Ghalya Saadawi is a senior lecturer with an interest in critical theory, contemporary art and its political economy; critical human rights; witnessing and testimony, among other areas. Well before embarking on the PhD, Saadawi received an MSc. From the London School of Economics and Political Science and worked as a freelance researcher and consultant for various NGO and organizations in Lebanon between 2001-2006, including the Lebanese Centre for Policy Studies, the regional office for Arab States of the UNDP, the then sustainable democracy centre, among others.
Ghalya earned a PhD from Goldsmiths in 2015 in sociology, working primarily on art. Her doctoral dissertation underscored the art practices and theoretical considerations that informed a rethinking of witnessing after the declared end of the Lebanese civil wars.
Against the backdrop of the Cold War and neoliberalism, and an overriding tendency to read the post-war as memory effacing, the thesis read select art and documentary practices through the political, economic and historical entanglements of the mid-to-late 20th century, paying attention to formal tactics through the lens of an extended political modernism.
Between 2011-2019 she was adjunct lecturer at the fine art and art history department of the American University of Beirut, and the University of St. Joseph and the Balamand University’s art programmes in Beirut, offering courses on Lebanese art and politics, and 20th and 21st century art theory with an emphasis on social art history, critical theory and post-Marxist theory.
Saadawi was Resident Professor of the Ashkal Alwan Home Workspace Program in Beirut between 2015 and 2017, where she organized a programme around art, finance and the future. In 2018, she was Mercator Post-Doctoral Fellow in the Cultures of Critique Research Training Group at Leuphana University and began as theory tutor at the Dutch Art Institute. She is affiliated with makhzin magazine and BICAR, Beirut.
She has written for art magazines such as Bidoun, frieze, Art in America, e-flux, and others, as well as periodicals such as Third Text, Art Margins, PhiloSOPHIA (forthcoming) and Journal of Visual Cultures (forthcoming).
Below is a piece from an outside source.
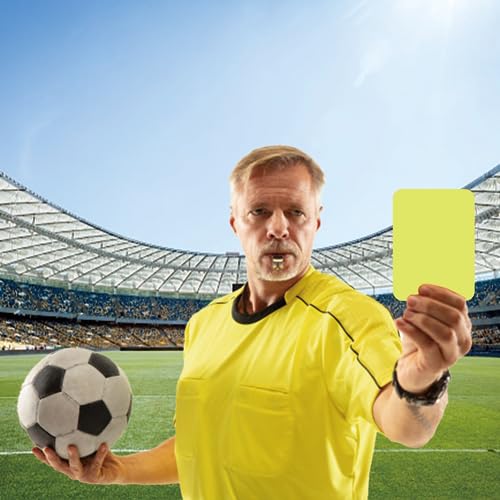 Lwuey Professional Referee Cards, Sport Officials Penalty Card Soccer Kit Football Red and Yellow Warning Ejection Coach Gear Accessories Basketball Matches Schools Stadiums Game Training Competition - Thumbnail 3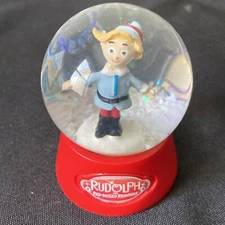 NOS  no tag santa "RUDOLPH THE RED NOSED REINDEER" SNOW GLOBE 2.5” Elf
Now disinterested in mainstream contemporary art ‘criticism’, and making time under zero hour contract conditions and a considerable teaching load, she is at work writing: a speculate left art protocol that considers the repurposing of contemporary art infrastructures and flows (coming out in Between the Material and the Possible: Infrastructural Re-examination and Speculation in Art edited by Bassam Baroni); an auto-theory manuscript on the dialectics of hypochondria; a short story-essay that considers ‘capital as a state of mind’ as not only the unconscious informed by capital abstractions, but also, broadly speaking, the homologies that exist between structures and categories of capital and those of personal relations; among other projects.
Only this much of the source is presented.